Protokoll der Sitzung vom 17.10.2013

Was waren das für Gründe? – Sie waren damals vielfältig, aber die sachlichen Gründe waren ziemlich klar. In dem Entschließungsantrag der CDU hieß es damals: Aufgrund der Expertenanhörungen seien Nachbesserungen am Entwurf erforderlich; vor allem die Entwicklung von Jugendschutzprogrammen müsse beschleunigt werden. – Andreas Krautscheid sprach damals von einer gewissen Erleichterung darüber – Zitat –, „dass noch einige Zeit ins Land gehen kann, um diesen Staatsvertrag nachzuarbeiten.“

Was ist seitdem geschehen? Es ist mittlerweile einige Zeit ins Land gegangen. Und, Herr Kollege Vogt, hat sich in der Zeit viel Positives getan? – Ich würde sagen: In Bezug auf das Jugendmedienschutzgesetz und auf die staatsvertraglichen Regelungen ruht seitdem still der See. Wir wissen nur, dass die Ministerpräsidenten im Herbst vorigen Jahres die Rundfunkkommission der Länder aufgefordert hat, einen neuen Entwurf zu erarbeiten.

Meine Damen und Herren, die Situation ist ja seit 2010 eher noch viel komplizierter geworden: Mangelnde Anonymität und Datenunsicherheit im Netz haben ganz neue Dimensionen erreicht. Die jungen Leute haben sicher keine Probleme mit Nutzungskompetenz, aber mit Stalking, Sucht und Mobbing. Die sozialen Netzwerke bringen erhebliche Probleme, und Kinder sind kaum noch zu schützen, nicht alleine vor jugendgefährdenden Angeboten, sondern vor allem vor den Folgen einer Mediennutzung, nach der zum Beispiel die Attraktivität eines Menschen vor allen Dingen an der Zahl der Followers, Friends oder Likes orientiert wird, mit den entsprechenden Folgen für die Verlierer dieser Kampagnen.

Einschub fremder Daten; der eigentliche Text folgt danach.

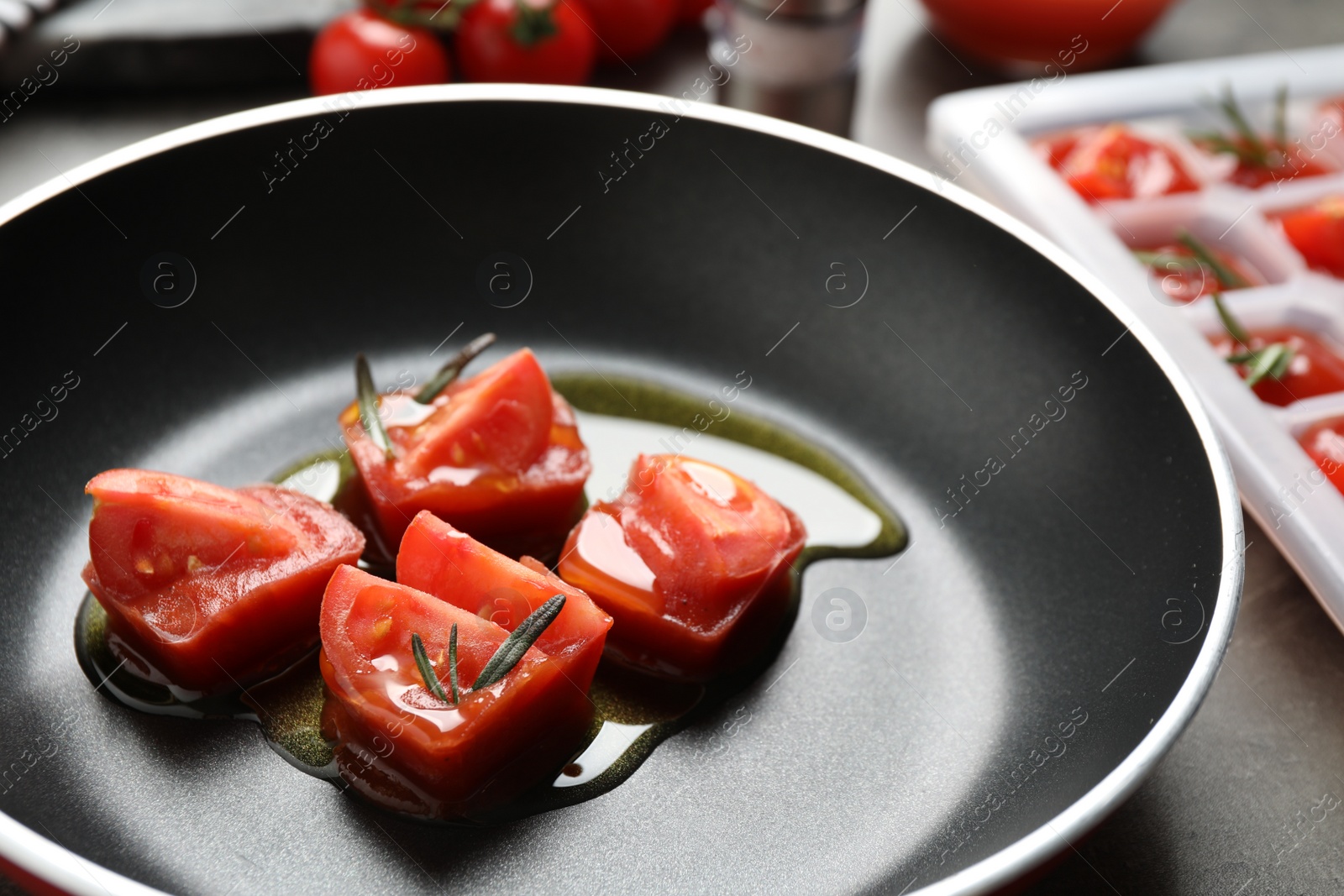 Photo of Melting ice cubes with tomatoes, oil and rosemary on grey table, closeup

Die Social Medias selbst machen die Inhalte immer offener zugänglich. Heute übrigens gibt es gerade eine Veränderung: Facebook hat ab heute ermöglicht, dass auch Minderjährige ihre Inhalte allgemein öffentlich zugänglich machen können. Allerdings erscheint, wie Facebook vorhin mitteilt, ein Warnhinweis, in dem man sagt, welche Folgen und Konsequenzen das hat. Aber, auch Minderjährige können jetzt auf Facebook ihre Informationen allgemein öffentlich bekannt machen.

Es gibt also dringenden Handlungsbedarf für Aufklärung, Hilfe und Regeln. Andreas Krautscheid fragte damals ganz selbstkritisch, ob man sich nicht viel Ärger und Nachsitzen beim Staatsvertrag hätte ersparen können, wenn man die Absichten früher mit den Leuten aus der Netzgemeinde besprochen hätte.

Damit sind wir ja beim heutigen Antrag der Piratenfraktion. Wie sieht es denn mit den Informationen aus? – Ende April dieses Jahres informierte die Ministerin für Bundesangelegenheiten, Europa und Medien den Ausschuss über den Stand der Novellierung des Rundfunkstaatsvertrages. Kernsatz des Berichtes ist die erste Zeile. Da heißt es: „Zurzeit liegt noch kein Entwurf eines 16. Rundfunkänderungsstaatsvertrages vor...“ Und weiter wird mitgeteilt: Die Fachebene erarbeitet zurzeit Vorschläge zum Medienkonzentrationsrecht und zum Jugendmedienschutz.

Die Antwort auf die Große Anfrage der Piraten bringt uns da nicht schrecklich viel weiter. So möchte ich nun zu dem Antrag der Piratenfraktion kommen.

Dass die Arbeitsweise der Rundfunkkommission intransparent ist, das haben wir auch hier schon bei einer anderen Debatte kritisch angemerkt, denn das stimmt. Bei einer intransparenten Arbeit wird die Landesregierung ein erneutes Scheitern von Regelungen des Jugendmedienschutzes billigend in Kauf nehmen. Ja, diese Gefahr ist ganz real. Richtig ist auch die Forderung nach regelmäßiger Unterrichtung der Landtagsabgeordneten über den Sachstand der Verhandlungen, und das nicht nur formal, sondern auch inhaltlich.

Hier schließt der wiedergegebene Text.